In the context of Microsoft Purview eDiscovery, which operates within a shared cloud environment processing sensitive enterprise compliance data, a successful SSRF exploit could allow an attacker to:
- Access internal cloud metadata services (e.g., Azure IMDS endpoints) to retrieve access tokens
- Pivot to internal services unreachable from the public internet
- Forge requests that impersonate elevated service identities
- Extract sensitive eDiscovery content, including legal holds and custodian data
This exploitation pathway aligns with a broader pattern of SSRF-to-privilege-escalation attacks observed across Microsoft’s cloud-native services. An earlier related flaw, CVE-2026-26138, similarly targeted Microsoft Purview as an elevation-of-privilege vector and was disclosed in March 2026.
Mitigation
Unlike most CVEs that demand immediate patching by enterprise teams, CVE-2026-26150 requires zero customer action. Microsoft has fully mitigated the vulnerability at the service level.

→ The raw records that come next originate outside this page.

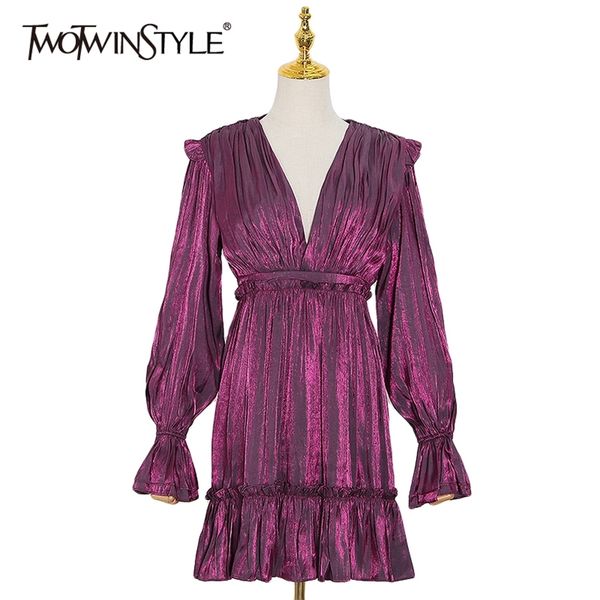 

patchwork ruched women dress v neck lantern sleeve high waist mini dresses female summer fashion clothes 210520, Black;gray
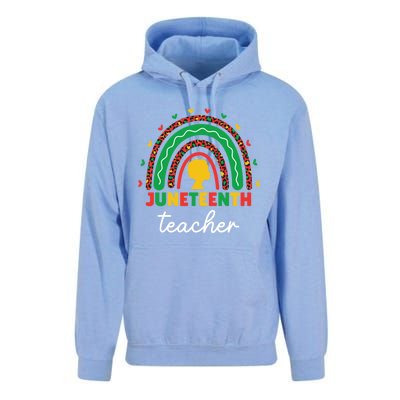 Juneteenth Teacher Leopard Rainbow African American Teacher Gift Unisex Surf Hoodie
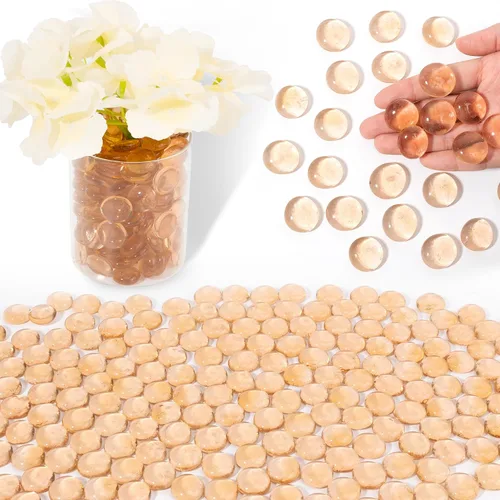 Vista 10 de Cuentas de vidrio para jarrones, cuentas decorativas de 0.97 libras, canicas planas para soporte de flores, manualidades, piedras de Mancala Blanco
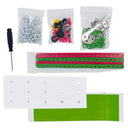 NASA rocket construction set contents: metal strips, plates, screws and screwdriver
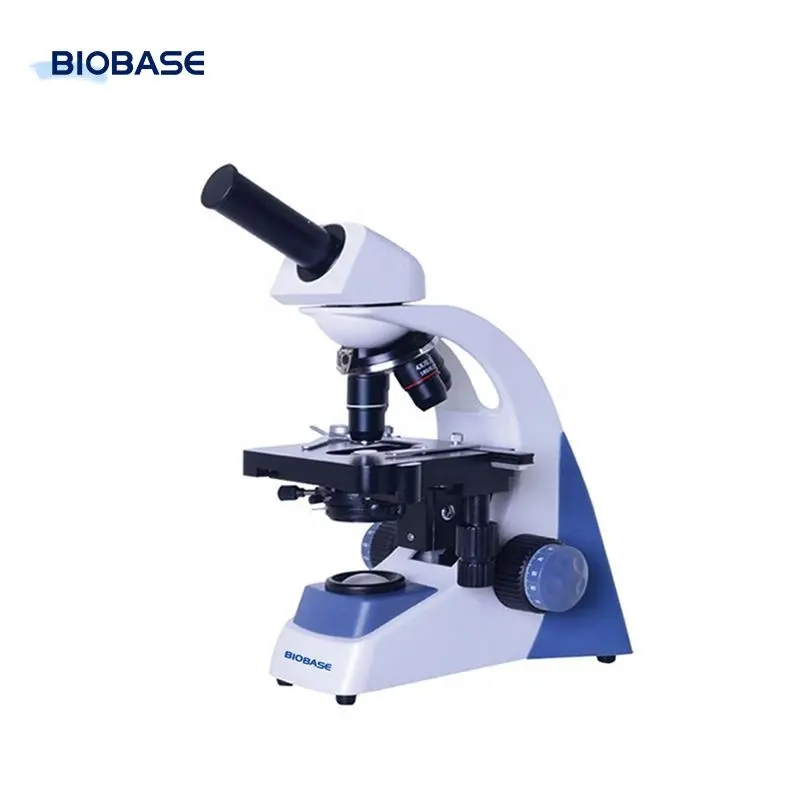 Biobase - Microscópio biológico biológico de cabeça monocular econômica modelo BME-500D, ocular de campo largo, microscópio de dupla camada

The patch has already been deployed on the backend infrastructure. The CVE was published solely to maintain transparency about cloud-service security incidents, consistent with Microsoft’s “Toward Greater Transparency: Unveiling Cloud Service CVEs” initiative.

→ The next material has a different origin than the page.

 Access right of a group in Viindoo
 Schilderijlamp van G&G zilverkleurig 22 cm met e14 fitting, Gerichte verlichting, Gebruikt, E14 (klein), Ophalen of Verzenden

This initiative reflects Microsoft’s shift toward proactively disclosing cloud-service vulnerabilities even when customers are not required to take any remedial steps, a notable improvement in enterprise trust and security communication.
Microsoft Purview eDiscovery is not a trivial service; it is deeply integrated into enterprise compliance workflows, providing three core solutions: Content Search, eDiscovery (Standard), and eDiscovery (Premium).
Organizations use it to process sensitive litigation holds, regulatory inquiries, and internal investigations. This makes it a prime target for threat actors seeking access to confidential communications, legal strategies, and intellectual property.
Security researchers have noted that role misconfigurations within Purview, such as assigning external parties to the eDiscovery Manager role instead of restricted Reviewer roles, can further amplify the blast radius of privilege escalation flaws.
Enterprises are strongly advised to audit their eDiscovery role group assignments in the Microsoft Purview Compliance Portal, even though no patch action is required for CVE-2026-26150 itself.
The vulnerability was not publicly disclosed before the official CVE publication, and there is no evidence of active exploitation in the wild at the time of release. The exploit code maturity is currently rated as “Unproven” with Report Confidence Confirmed by Microsoft.
Recommendations
While no patch is required, security teams should take the following precautionary steps:
- Audit eDiscovery role assignments in the Microsoft Purview Compliance Portal, ensuring only authorized personnel hold eDiscovery Manager roles
- Review Unified Audit Logs for any anomalous access patterns targeting eDiscovery cases around and before April 23, 2026
- Apply the principle of least privilege across Microsoft 365 compliance roles to minimize lateral movement risk
- Monitor Microsoft MSRC advisories for any updates or revisions to CVE-2026-26150’s exploitability assessment
- Enable Microsoft Purview sensitivity labels to restrict unauthorized access to compliance data
FAQ
Q1: What is CVE-2026-26150?
CVE-2026-26150 is a critical SSRF-based Elevation of Privilege vulnerability (CVSS 8.6) in Microsoft Purview eDiscovery, disclosed on April 23, 2026.
Q2: Do organizations need to patch CVE-2026-26150?
No, Microsoft has fully mitigated this vulnerability on the server side; no customer or administrator action is required.
Q3: Is CVE-2026-26150 being actively exploited?
No, Active exploitation has been observed, and exploit code maturity is currently rated “Unproven” by Microsoft.
Q4: Why did Microsoft issue a CVE if no patch is needed?
Microsoft issued this CVE as part of its cloud transparency initiative to inform enterprises about security risks that are proactively addressed at the service level.